Thanos is made of many components:

  • a sidecar for Prometheus: gets the metrics of Prometheus and stores them in the S3 bucket.
  • a store gateway: be a gateway for all operations that need access to the S3 bucket (except initial storage : the sidecar does it)
  • a querier: listens for queries (be a datasource for Grafana) and requests all storage places (the sidecar and the store gateway)
  • a compactor: loads the data stored in S3
    • compacts it
    • generates downsampled data
    • stores the results back in S3

Note

Thanos has other components but they are not deployed.

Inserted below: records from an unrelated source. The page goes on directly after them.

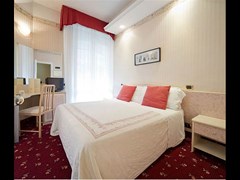 Royal Plaza Hotel  - photo 11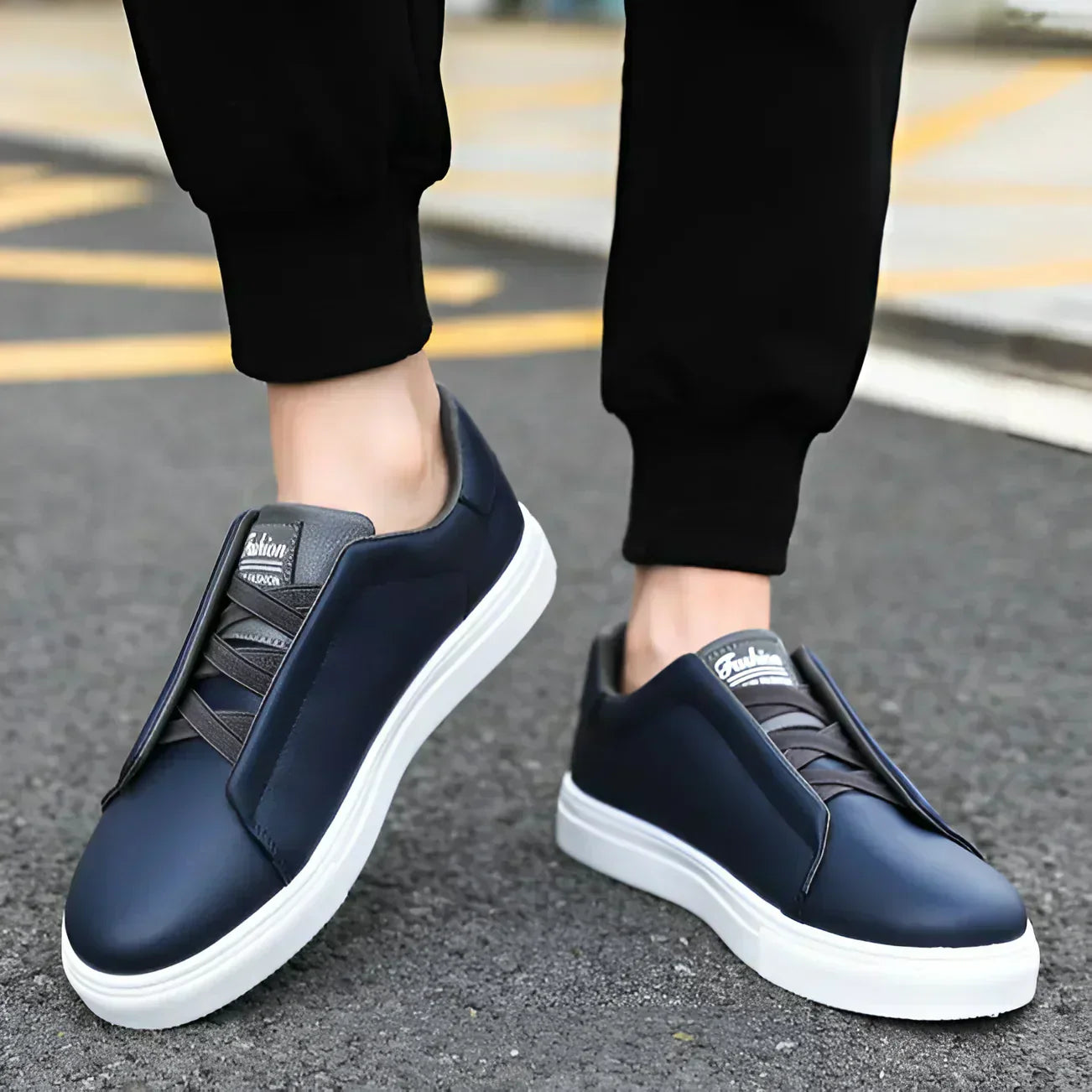 Men's Classic Style Comfortable Sneakers for Everyday and Formal Wear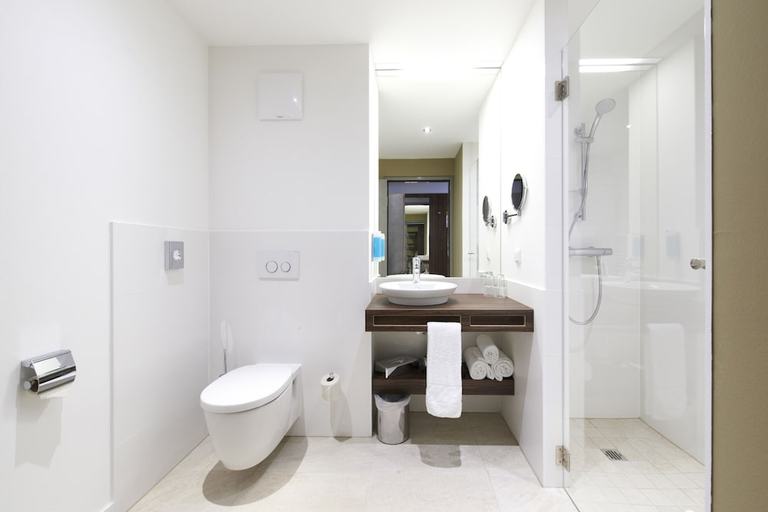 Bathroom 3, Simm's Hotel, Wien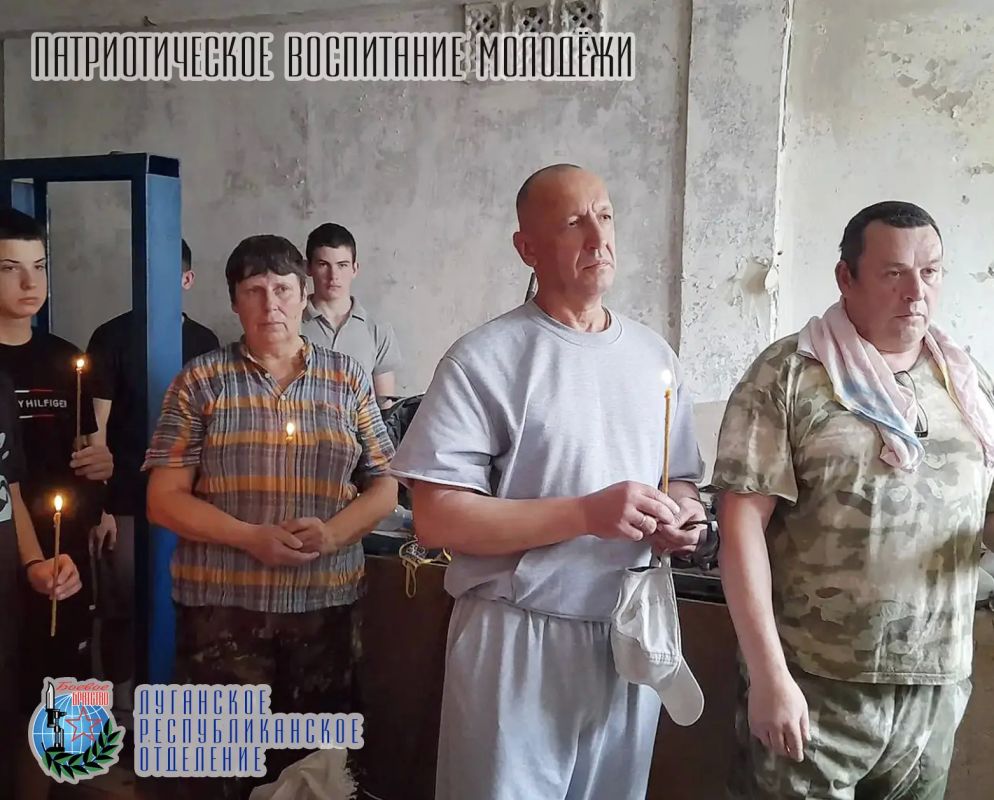 12 сентября в Свердловске прошло торжественное мероприятие, посвящённое созданию Десантно-патриотического спортивного клуба имени Артёма Ванюшенко 12 сентября в Свердловске прошло торжественное мероприятие, посвящённое созданию Десантно-патриотического спортивного клуба имени Артёма Ванюшенко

A schema can be found on https://github.com/thanos-io/thanos.

Deployed in:

  • administration environment in monitoring/caascad
  • administration environment in monitoring/user

Each tool group has a specific metrics retention policy.

See:

Exporters

Exporters are sources of metrics. They are independant pieces of software with 2 functions:

  1. gather the metrics from where they are (system metrics, Postgresql, NGinx...)
  2. expose the metrics on a HTTP server

Prometheus scrapes them by connecting to the HTTP server of the exporters.

There are many possible exporters. Applications are supposed to deploy them. However, some basic exporters are deployed with the stack:

  • node exporter: get the system metrics of the operating system (CPU, mem...)
  • kubelet
  • ...

Several Prometheus exporters are deployed.

Node-exporter

Deployed in customer environment caascad-monitoring namespace.

See:

Kube-state-metrics

Deployed in customer environment caascad-monitoring namespace.

Allows to obtain metrics coming from Kubernetes objects like pods, configmaps...

See:

Blackbox-exporter

Deployed in customer environment in caascad-monitoring namespace.

Allows to supervise external services (in Blackbox-exporter there are called targets).

There are 4 probes:

  • http requests
  • tcp requests
  • dns requests
  • icmp

To add an external service to monitor, you have to:

  • define a target
  • define a module which uses one of the 4 probes

See:

S3-usage-exporter

Limitation

At the moment this feature is implemented only for Flexible Engine.

S3-usage-exporter is a Prometheus exporter developed by Caascad Team.

Deployed in administration environment.

Allows to obtains S3 bucket size and S3 bucket object number for:

  • docker registry storage backend
  • logs storage backend
  • metrics storage backend

Note

S3 metrics are only available in the Thanos datasource.

See:

Grafana

Deployed in administration environment.

Connected to:

  • Thanos deployed in monitoring/caascad, metrics visible with the Thanos datasource
  • Thanos deployed in monitoring/user, metrics visible with the Thanos-app datasource

Several dashboards are deployed by default:

  • General/Storage S3: to view S3 metrics
  • General/Blackbox-exporter: to view probe metrics
  • Kubernetes/...: to view K8s metrics (node-exporter, kubelet, kube-state-metrics ...).

See:

Alertmanager

The Alertmanager is a router for alerts. It listens for alerts (usually from Prometheus). Some routing rules are applied and the alerts are forwarded to other tools (like mails, sms...)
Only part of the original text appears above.